Les participants sont toutefois allés plus loin lundi en bloquant, dès 13 h, le chemin de Manawan pendant un court moment. Le barrage a été démantelé peu après au cours de l'après-midi.

Par communiqué, le groupe Mobilisation Matawanie Ekoni Aci a expliqué ce coup d'éclat en dénoncant «les coupes à blanc qui saccagent le territoire depuis des années», mais aussi l'implantation d'une mine de graphite par Nouveau Monde Graphite près de Saint-Michel-des-Saints, un projet qui a récemment reçu le feu vert du gouvernement.

Les militants ont réclamé un moratoire de cinq ans sur la production de ressources forestières, minières et fauniques dans la région, afin de «laisser la nature reprendre ses forces».

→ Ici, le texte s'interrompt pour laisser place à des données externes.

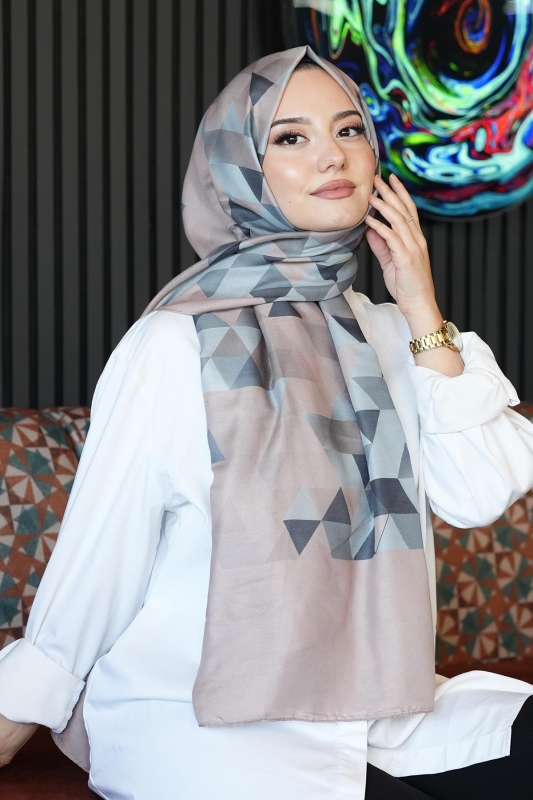 Üçgen Desen Krem Soft Pamuk Şal - 1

Le groupe Mobilisation Matawanie Ekoni Aci, qui a vu le jour en juin 2020, se décrit comme un «mouvement populaire anti-colonial». «Au sein de ce mouvement, nous apprenons humblement à travailler ensemble, autochtones et allochtones, afin d’aller vers la justice sociale et climatique», explique-t-il sur son site internet.

L'organisation ne reconnaît pas la légitimité ni du gouvernement ni du conseil de bande. «Souvent, ces deux gouvernements préfèrent s’entendre ensemble pour le saccager au profit de quelques-uns plutôt que d’en prendre soin pour les sept prochaines générations», a-t-elle dénoncé.